Sumándose a todo esto el estado de nuestras calles, adornadas con riesgosos baches y nauseabundos desperdicios, que con el tropel de mendigos y niños harapientos que nos acosan en cada semáforo, forman un matiz lamentable; tanto, que ya se han ganado su espacio e incorporado como obligatorio integrante de nuestra cultura.

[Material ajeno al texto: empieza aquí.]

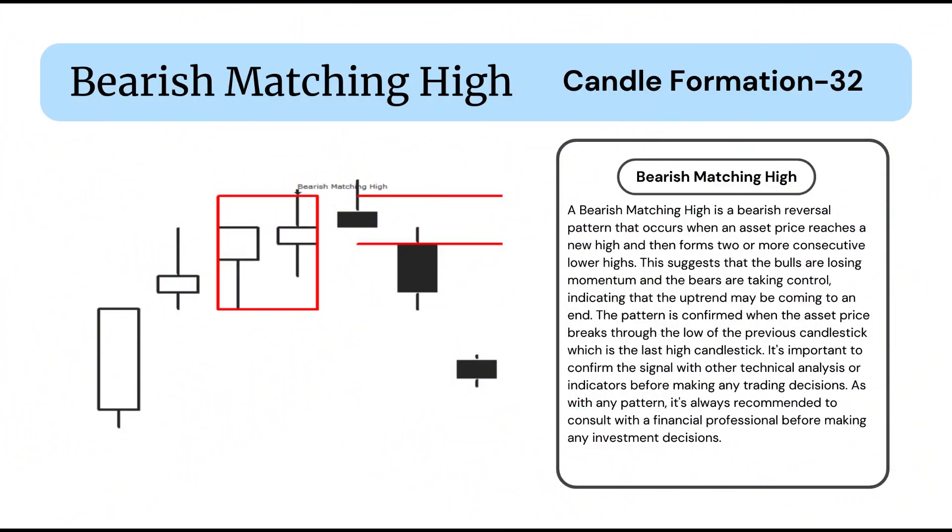A bearish matching high is a bearish reversal pattern that occurs when an asset price reaches a new high and then forms two or more consecutive lower highs. This suggests that the bulls are losing momentum and the bears are taking control, indicating that the uptrend may be coming to an end.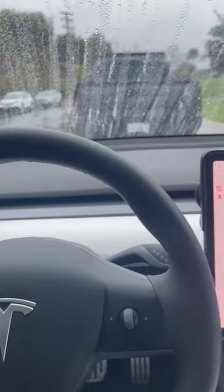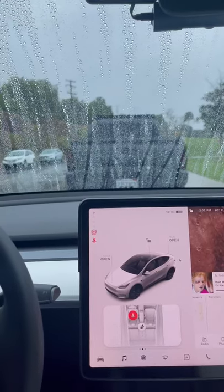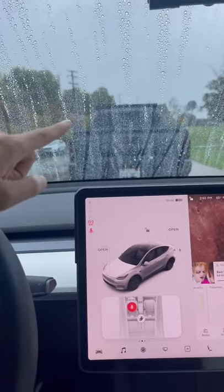One cool feature about the Tesla Model Y, at least the ones built this year — July 2021 and on — the front windshield has been improved.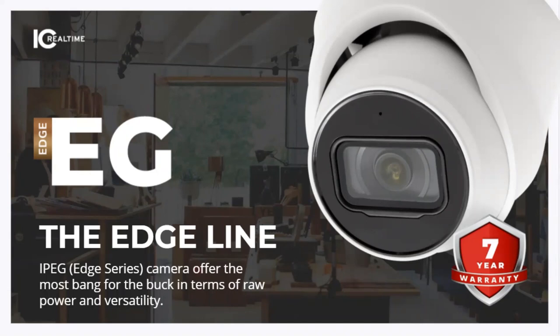Good morning, everyone, and thank you for joining today's IC Real-Time webinar. In today's webinar, we will be discussing our IC Real-Time Edgeline. Edgeline is a series of cameras that offer really the most bang for the buck in terms of real power and versatility — it is our cost-competitive line, meant to compete with HikVision and LTS cameras in the industry. My name is Michael Cavallaro. I'm one of the national sales executives here at IC Real-Time, and let's get started.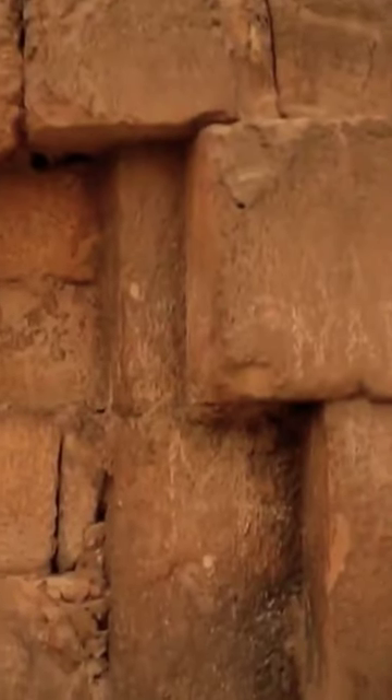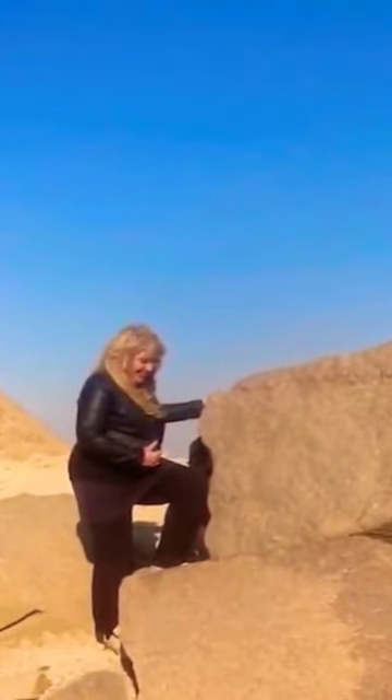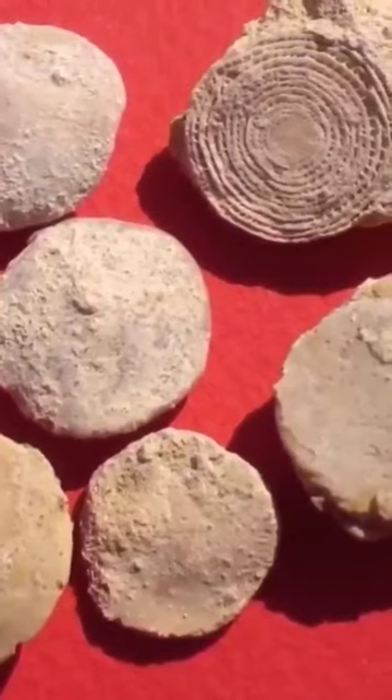I've climbed the Great Pyramid five times and had the opportunity to study very closely many of the blocks, some of which are extremely eroded and broken. What you find when you look at some of these blocks is that there are actually fossils trapped inside them. These fossils are called nummulites.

De ahí provienen las múltiples ofertas de cambios con las que somos incentivadas, y usadas como un gancho de captación de nuestros votos. Lástima que sólo de eso se trata: Captar votos, ya que la experiencia repetida a través de años, es lo que se ha evidenciado como una rutina en nuestro medio. Vez tras vez hemos quedado defraudados, y hasta nos estamos acostumbrando a definirlos como “promesas de campañas”, admitiendo que la realidad y la verdad es otra cosa que se desarrolla en otro plano. Y, realmente es así:
Escuchemos a la autorizada Palabra de Dios cuando nos advierte de estas vanas ilusiones: “¿Para qué discurres tanto, cambiando tus caminos? También serás avergonzada de Egipto, como fuiste avergonzada de Asiria. También de allí saldrás con tus manos sobre tu cabeza, porque Jehová desechó a aquellos en quienes tú confiabas, y no prosperarás con ellos” (Jeremías 2: 36 – 37). Egipto y Asiria representan el apoyo y la confianza puesta en el mundo político, la esperanza puesta en el cambio que nunca llegará: Son las vanas esperanzas, volátiles que se diluyen en el limbo de las promesas.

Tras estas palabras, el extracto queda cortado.